(Scraped caption text data)

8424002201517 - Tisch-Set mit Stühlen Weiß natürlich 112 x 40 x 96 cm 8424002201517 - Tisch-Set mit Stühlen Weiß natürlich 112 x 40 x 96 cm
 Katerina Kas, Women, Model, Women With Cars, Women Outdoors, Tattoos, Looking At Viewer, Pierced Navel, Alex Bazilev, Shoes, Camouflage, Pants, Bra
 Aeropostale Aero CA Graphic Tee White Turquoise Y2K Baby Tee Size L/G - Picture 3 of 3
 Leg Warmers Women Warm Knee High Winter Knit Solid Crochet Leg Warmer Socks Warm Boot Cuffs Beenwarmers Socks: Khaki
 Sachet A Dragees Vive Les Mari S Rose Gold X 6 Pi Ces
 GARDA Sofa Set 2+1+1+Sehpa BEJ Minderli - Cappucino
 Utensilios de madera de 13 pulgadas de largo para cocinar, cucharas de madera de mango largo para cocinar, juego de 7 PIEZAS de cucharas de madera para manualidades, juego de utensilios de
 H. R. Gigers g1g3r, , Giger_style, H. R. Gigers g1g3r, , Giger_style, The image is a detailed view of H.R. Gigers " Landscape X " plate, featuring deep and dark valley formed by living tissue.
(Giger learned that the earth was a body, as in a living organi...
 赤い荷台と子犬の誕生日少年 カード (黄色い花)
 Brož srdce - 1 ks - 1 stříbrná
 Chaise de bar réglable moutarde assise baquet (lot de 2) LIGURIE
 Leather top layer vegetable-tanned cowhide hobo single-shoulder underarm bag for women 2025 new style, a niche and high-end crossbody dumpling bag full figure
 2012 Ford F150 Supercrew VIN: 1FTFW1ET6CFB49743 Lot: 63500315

— WHAT YOU WILL DO —
Return, word for word, every line from the line with "赤い荷台と子犬の誕生日少年 カード (黄色い花)" to the final line of the data.

— REPLY —
 赤い荷台と子犬の誕生日少年 カード (黄色い花)
 Brož srdce - 1 ks - 1 stříbrná
 Chaise de bar réglable moutarde assise baquet (lot de 2) LIGURIE
 Leather top layer vegetable-tanned cowhide hobo single-shoulder underarm bag for women 2025 new style, a niche and high-end crossbody dumpling bag full figure
 2012 Ford F150 Supercrew VIN: 1FTFW1ET6CFB49743 Lot: 63500315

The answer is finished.